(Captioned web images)
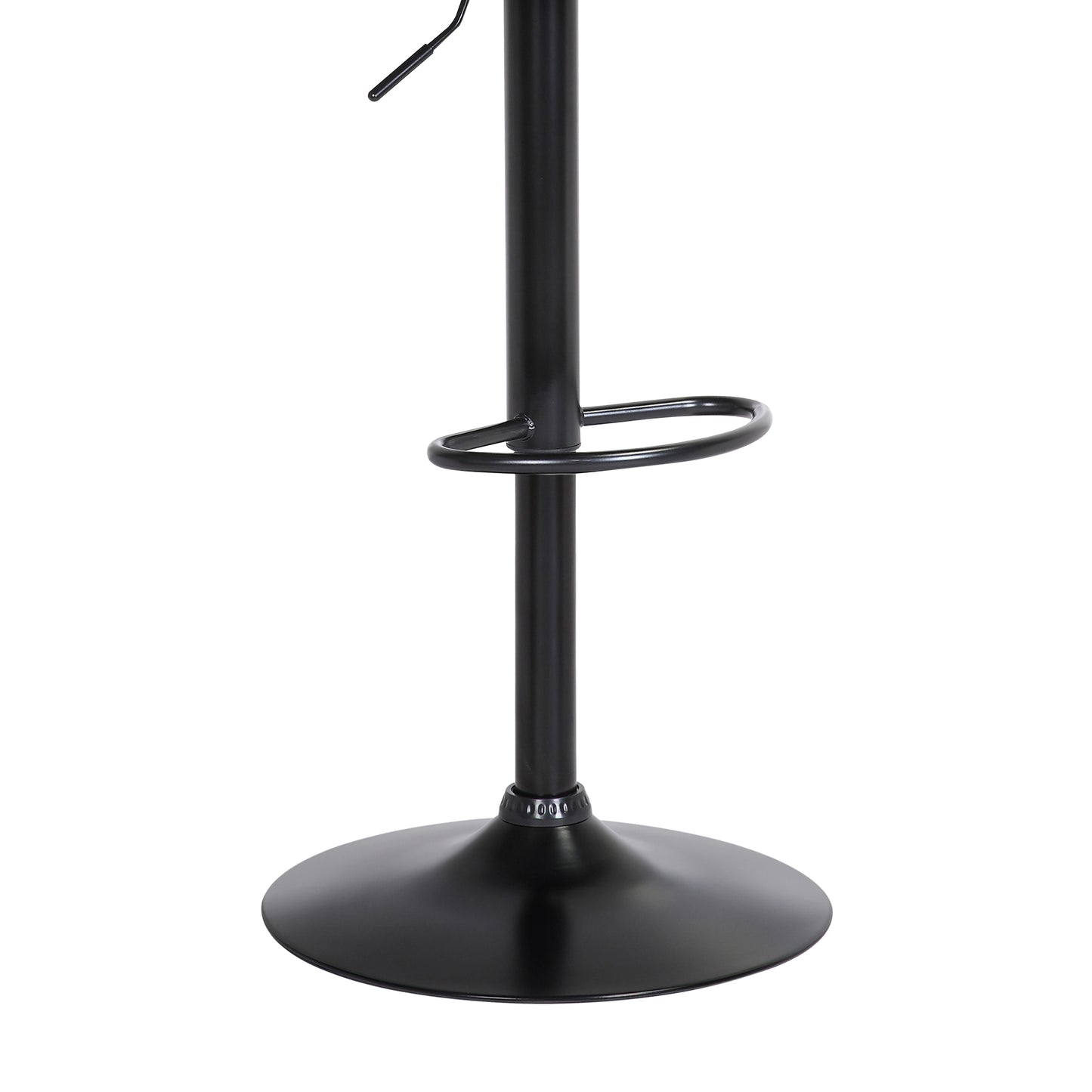 Lydia Adjustable Wood Bar Stool with Faux Leather and Black Metal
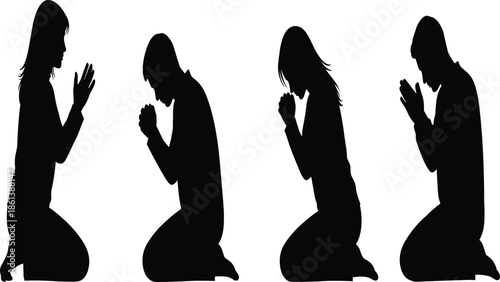 Prayer silhouette vector set showing kneeling figures, clasped hands, bowed heads, black shapes, spiritual posture, isolated design, devotion concept, expressive meditation illustration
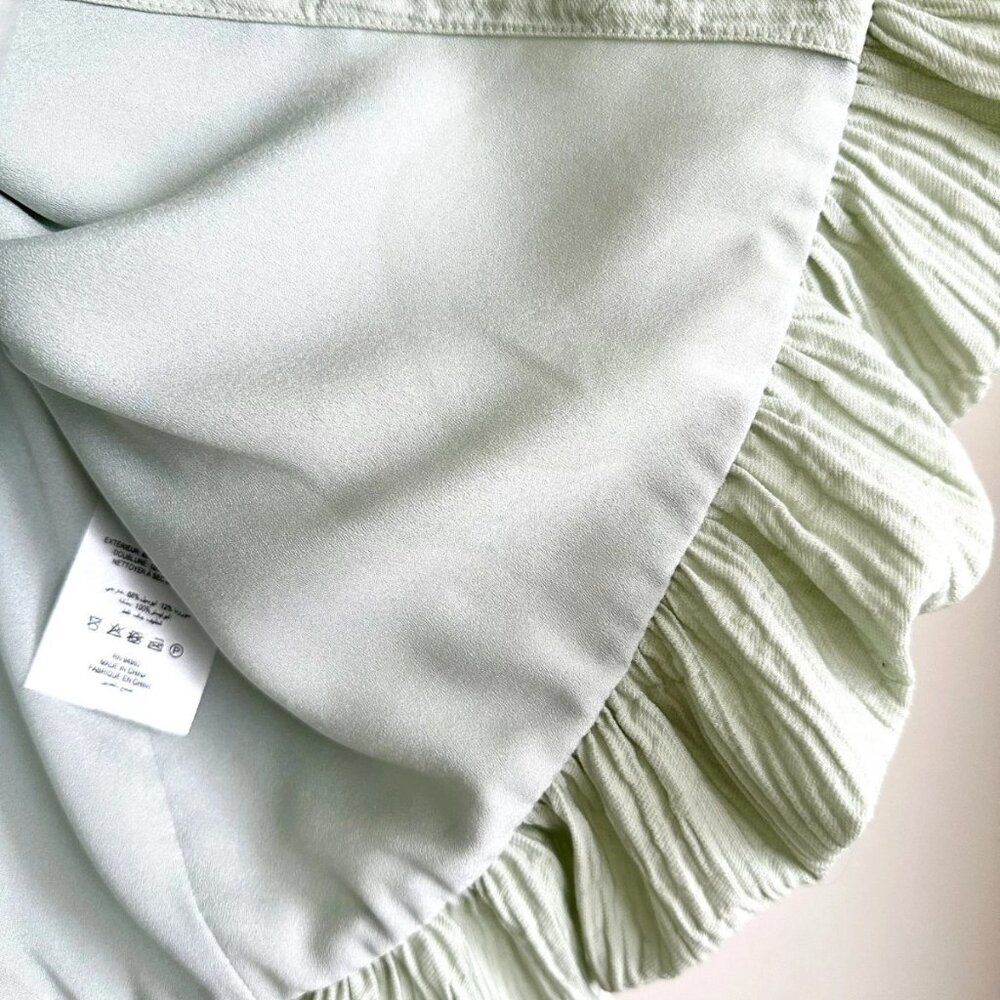 JONATHAN SIMKHAI Green Short Flutter Sleeve Bubble Hem Mini Dress Size S - Picture 10 of 11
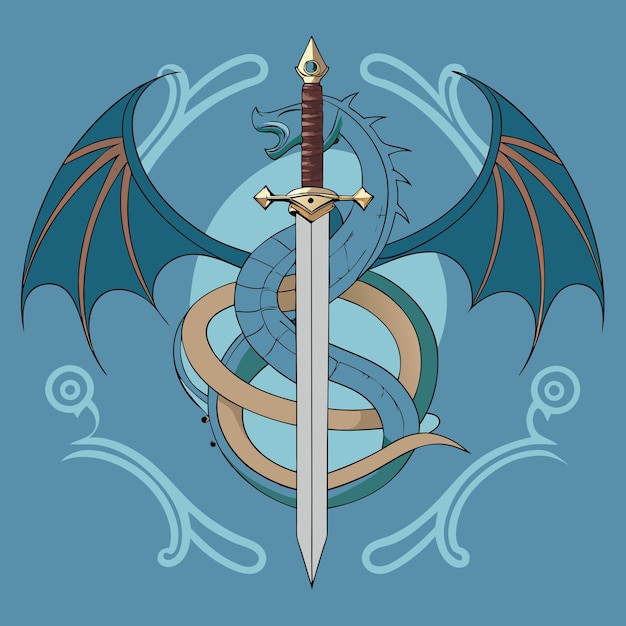 Vector a drawing of a sword with a dragon on the top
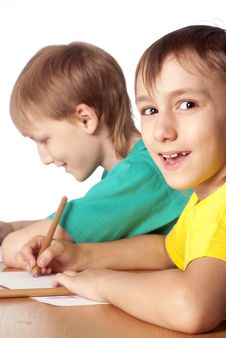 Two Boys Drawing Stock Photo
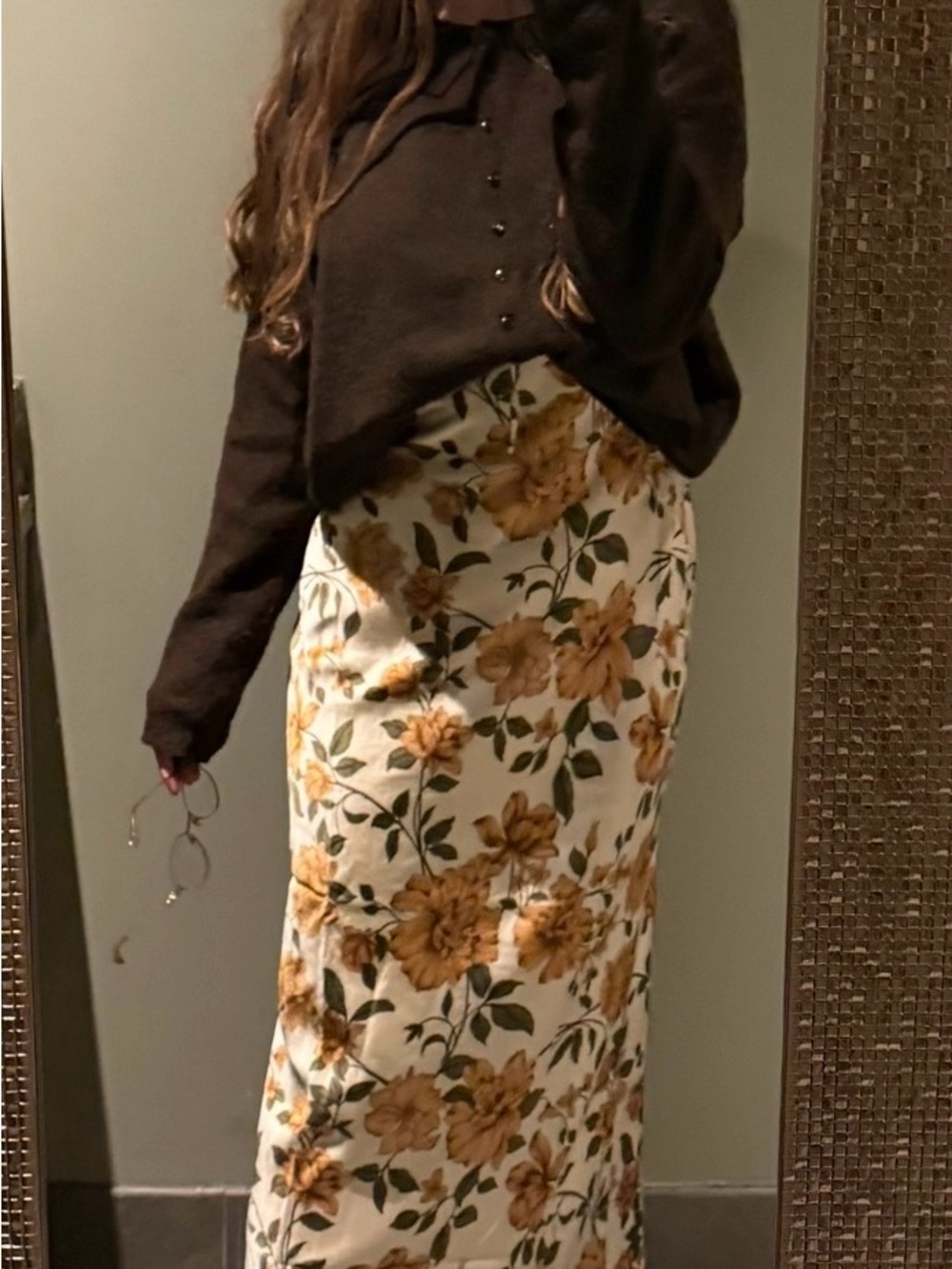 Floral Cream Slip Dress with Lace Trim - Picture 6 of 6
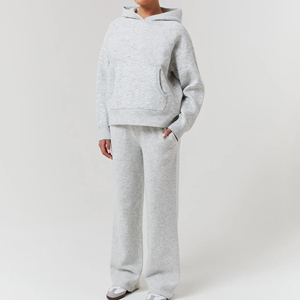 Ensemble de survêtement 2 pièces pour femme, pull oversize d'hiver avec logo personnalisé, motif uni décontracté, 100% coton - Product Image 2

__WORK REQUEST__
Print out the entries once more, unchanged. No pictures.

__ANSWER TO THIS PROBLEM__
 Lydia Adjustable Wood Bar Stool with Faux Leather and Black Metal
 Prayer silhouette vector set showing kneeling figures, clasped hands, bowed heads, black shapes, spiritual posture, isolated design, devotion concept, expressive meditation illustration
 JONATHAN SIMKHAI Green Short Flutter Sleeve Bubble Hem Mini Dress Size S - Picture 10 of 11
 Vector a drawing of a sword with a dragon on the top
 Two Boys Drawing Stock Photo
 Floral Cream Slip Dress with Lace Trim - Picture 6 of 6
 Ensemble de survêtement 2 pièces pour femme, pull oversize d'hiver avec logo personnalisé, motif uni décontracté, 100% coton - Product Image 2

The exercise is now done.